I love Christmas. As a pastor, interacting with my congregation during the holiday season is inspiring as well as challenging. Tradition and innovation merge as different families find meaningful but different ways to celebrate commonly held truths. That is why I am troubled by a few individuals who inevitably insist that everyone understand and observe this season just as they do. These people attempt to universalize, commercialize, and impose on others their personal perspective on this deeply religious season of the heart.
What did we think would happen? Across the years, many Christians urged governments to make Christmas a national holiday. (Note the language; a national holiday, not a spiritual holy day.) Similarly, churches welcomed partnerships with Madison Avenue marketers and Main Street merchants who then did what they do and made Christmas a season for buying, not a time for spiritual-based charity.
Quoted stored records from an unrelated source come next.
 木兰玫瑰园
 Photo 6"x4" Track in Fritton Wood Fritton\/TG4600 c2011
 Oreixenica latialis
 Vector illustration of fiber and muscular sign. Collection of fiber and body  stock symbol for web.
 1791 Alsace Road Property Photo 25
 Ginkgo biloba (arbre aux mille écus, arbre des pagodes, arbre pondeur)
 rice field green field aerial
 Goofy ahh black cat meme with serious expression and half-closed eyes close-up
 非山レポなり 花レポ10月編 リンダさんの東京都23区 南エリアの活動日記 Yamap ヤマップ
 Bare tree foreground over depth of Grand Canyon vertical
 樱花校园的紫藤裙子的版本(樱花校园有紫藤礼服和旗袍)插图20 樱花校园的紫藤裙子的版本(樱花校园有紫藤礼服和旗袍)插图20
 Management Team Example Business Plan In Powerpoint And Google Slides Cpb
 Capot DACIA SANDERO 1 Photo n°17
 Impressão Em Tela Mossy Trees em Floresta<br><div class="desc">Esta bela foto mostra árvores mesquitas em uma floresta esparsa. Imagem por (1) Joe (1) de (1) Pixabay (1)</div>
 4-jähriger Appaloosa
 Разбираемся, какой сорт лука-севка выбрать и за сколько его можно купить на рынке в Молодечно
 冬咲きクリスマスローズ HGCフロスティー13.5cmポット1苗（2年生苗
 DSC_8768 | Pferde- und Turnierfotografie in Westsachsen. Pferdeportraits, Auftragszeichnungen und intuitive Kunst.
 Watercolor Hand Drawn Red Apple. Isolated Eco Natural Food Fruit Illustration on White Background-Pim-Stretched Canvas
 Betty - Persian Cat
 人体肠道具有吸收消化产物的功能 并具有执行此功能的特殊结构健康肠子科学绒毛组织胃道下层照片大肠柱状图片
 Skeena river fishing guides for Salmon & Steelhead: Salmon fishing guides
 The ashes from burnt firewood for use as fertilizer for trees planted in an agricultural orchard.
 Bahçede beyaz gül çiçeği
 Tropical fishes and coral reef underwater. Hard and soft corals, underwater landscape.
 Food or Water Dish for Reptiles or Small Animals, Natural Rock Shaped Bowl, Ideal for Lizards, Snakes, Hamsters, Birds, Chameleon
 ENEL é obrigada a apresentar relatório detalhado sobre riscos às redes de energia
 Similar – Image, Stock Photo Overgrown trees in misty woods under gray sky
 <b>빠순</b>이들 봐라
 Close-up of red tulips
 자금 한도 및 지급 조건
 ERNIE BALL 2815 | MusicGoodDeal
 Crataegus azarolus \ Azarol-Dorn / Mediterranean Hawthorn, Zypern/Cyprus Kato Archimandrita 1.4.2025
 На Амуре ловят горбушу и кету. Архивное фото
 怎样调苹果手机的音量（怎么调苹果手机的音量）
Media grasped the potential of seasonal attention from a large audience attracted to Christmas festivities and with great success created programs on Charlie Brown, a reindeer named Rudolph, and spectaculars in music and dance.
Earlier this month I watched in painful disbelief as police were used to protect the lighting of the Rockefeller Center Christmas tree as protesters were trying to make their voices heard following the incomprehensible grand jury decision in the Eric Garner case. It does not take a degree in theology to figure out on which side of the barricade Jesus would have placed himself that night.
Christians gave Christmas to the world and the world turned Christmas into a political football, a media event, and an unparalleled marketing enterprise. Did anyone really expect that a world of multiple religions and people with no religion would see a government holiday, a giant marketing initiative, and a media extravaganza as a holy time to be observed by all people in the same manner? Let's be reasonable.
I am weary of Christians who are constantly whining and writing fundraising letters of complaint because everyone is not celebrating the birth of Christ as they do. Look around. We are a multi-faith nation with the freedom to choose our own religious practices, or none at all. There is a vast difference between evangelizing the teachings of Jesus and seeking validation for our own religious practices by imposing them on others.
My Jewish friends do not ask others to fast on Yom Kippur. Nor do my Muslim friends make such a request during Ramadan. I have learned to appreciate the Hindu festival of light called Diwali, even though no Hindu has asked this of me and the news media pays it no attention. I thank God that our government imposes no religious holiday on anybody, though recognizes the importance of such days for those who observe them.
It seems to me that people who cannot be happy because of individuals who do not greet them as they wish or bow before the traditions of the church are too preoccupied with the actions of others to be meaningfully involved in the meditations, rituals, music, and values of their own traditions. Perhaps we Christians can profit from remembering that the world into which the child whose birth we celebrate was not born into a culture in which everyone stopped and celebrated his birth or mandated that all people kneel before the nativity.
As a Christian, it seems to me that, in the spirit of Christmas, we Christians should be happy that so many people are experiencing joy in this season even if their thoughts and actions involve paths different from ours. While we spread "good news," let's not be so arrogant as to pass judgment on practices different from our own. After all, we are not a nation with a state religion that assures pseudo-uniformity in beliefs. Public schools have no business veering from the primary mission of education to take on the work of a religious institution. We Christians comprise one religion among many religions where we live.
Surely, if we Christians are true to our principles throughout the seasons of Advent and Christmas and gain inspiration from the values of hope, peace, joy, and love, that is enough. What difference does it make whether someone greets us saying, "Happy holidays" or "Merry Christmas?" I am just happy when people make a kind gesture.
I regret that many devotees of the religion that gave us this season feel they must celebrate Christmas by attacking those who do not observe the season the same way we do. Think about it, even those who do not celebrate this season as a holy time support our right to honor the meaning it has for us. Surely, we can do as much for others.
Merry Christmas everybody! Or, Happy Holidays! Or, choose the greeting of your choice and have a great day. It's the thought that counts.